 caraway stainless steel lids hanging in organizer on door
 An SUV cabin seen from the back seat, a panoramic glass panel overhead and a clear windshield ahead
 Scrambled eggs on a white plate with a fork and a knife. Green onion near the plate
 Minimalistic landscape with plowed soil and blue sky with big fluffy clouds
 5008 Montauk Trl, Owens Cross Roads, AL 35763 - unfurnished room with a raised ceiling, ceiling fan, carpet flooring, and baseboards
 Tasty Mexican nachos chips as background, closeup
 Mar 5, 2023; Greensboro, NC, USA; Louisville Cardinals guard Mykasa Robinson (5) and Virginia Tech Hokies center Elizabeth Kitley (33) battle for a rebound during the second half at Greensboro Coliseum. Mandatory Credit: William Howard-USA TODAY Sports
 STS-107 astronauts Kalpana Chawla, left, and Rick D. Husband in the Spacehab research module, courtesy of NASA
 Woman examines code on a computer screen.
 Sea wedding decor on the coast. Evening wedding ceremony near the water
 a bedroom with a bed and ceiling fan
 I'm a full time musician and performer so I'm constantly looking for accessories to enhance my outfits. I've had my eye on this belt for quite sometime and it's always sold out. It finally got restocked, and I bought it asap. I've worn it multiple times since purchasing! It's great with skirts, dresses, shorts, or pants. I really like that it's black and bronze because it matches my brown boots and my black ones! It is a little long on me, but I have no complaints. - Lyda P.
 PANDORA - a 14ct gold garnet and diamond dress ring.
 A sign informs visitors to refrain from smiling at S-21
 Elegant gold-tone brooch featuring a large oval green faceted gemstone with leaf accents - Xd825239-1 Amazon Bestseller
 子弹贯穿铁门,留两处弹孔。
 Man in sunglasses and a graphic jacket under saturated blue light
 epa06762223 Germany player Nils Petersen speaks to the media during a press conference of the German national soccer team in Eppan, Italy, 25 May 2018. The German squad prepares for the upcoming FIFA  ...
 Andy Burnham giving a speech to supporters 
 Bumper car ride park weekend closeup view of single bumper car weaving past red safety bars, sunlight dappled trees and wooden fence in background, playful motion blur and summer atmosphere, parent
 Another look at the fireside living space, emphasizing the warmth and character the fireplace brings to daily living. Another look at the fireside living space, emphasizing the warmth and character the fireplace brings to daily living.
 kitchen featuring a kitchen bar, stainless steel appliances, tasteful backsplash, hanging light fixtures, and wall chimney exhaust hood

☆ ☆ ☆ ☆

**Description of the task:**
Output the listing verbatim through the "Scrambled eggs on" line.

**Output of the task:**
 caraway stainless steel lids hanging in organizer on door
 An SUV cabin seen from the back seat, a panoramic glass panel overhead and a clear windshield ahead
 Scrambled eggs on a white plate with a fork and a knife. Green onion near the plate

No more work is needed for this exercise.